Aggregate Query question

  • Les Cardwell (7/11/2012)


    Ha! I'm glad I could send you on such an adventure 🙂

    I'll run both for time comparisons this weekend when there's not much activity on this server (this has been one of those server nightmares where the vendor's specs we're not even close to what it took to bring things under control).

    On the plus side, I learned a great deal about CTE's.

    Left wanting is the elusive MK solution, but JC's bin packing methodology opened a door. More fodder for meditation in waiting rooms.
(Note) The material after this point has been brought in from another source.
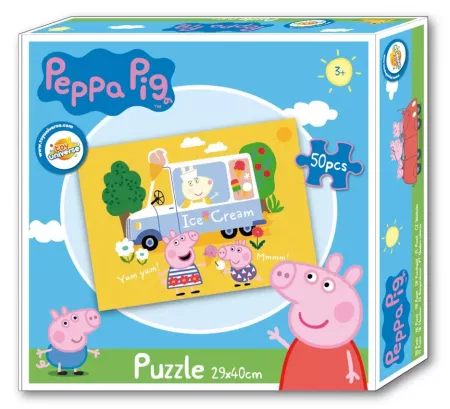 Puzzle pro děti Peppa Pig Ice Cream - 50 dílků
    What is the "elusive MK solution?" Is this another potential challenge for me? 🙂 I too am interested in the bin packing problems (URL provided by someone earlier in this thread). Been looking and thinking - sounds interesting.

    FYI. I have improved the speed of the step that populates NewDistricts TABLE by about 60%. That is actually one of the more expensive steps in the solution.

    I also created SQL to perform two checks:

    1. That each solution contains no duplicated NewDistricts

    2. That there are no duplicated solutions in the final results set

    Both checks passed in the results set I posted last time. Unfortunately, I did not need to utilize my fancy dynamic SQL SP to accomplish either of these. Oh well!

    I can provide these if you are interested.


    My mantra: No loops! No CURSORs! No RBAR! Hoo-uh![/I]

    My thought question: Have you ever been told that your query runs too fast?

    My advice:
    INDEXing a poor-performing query is like putting sugar on cat food. Yeah, it probably tastes better but are you sure you want to eat it?
    The path of least resistance can be a slippery slope. Take care that fixing your fixes of fixes doesn't snowball and end up costing you more than fixing the root cause would have in the first place.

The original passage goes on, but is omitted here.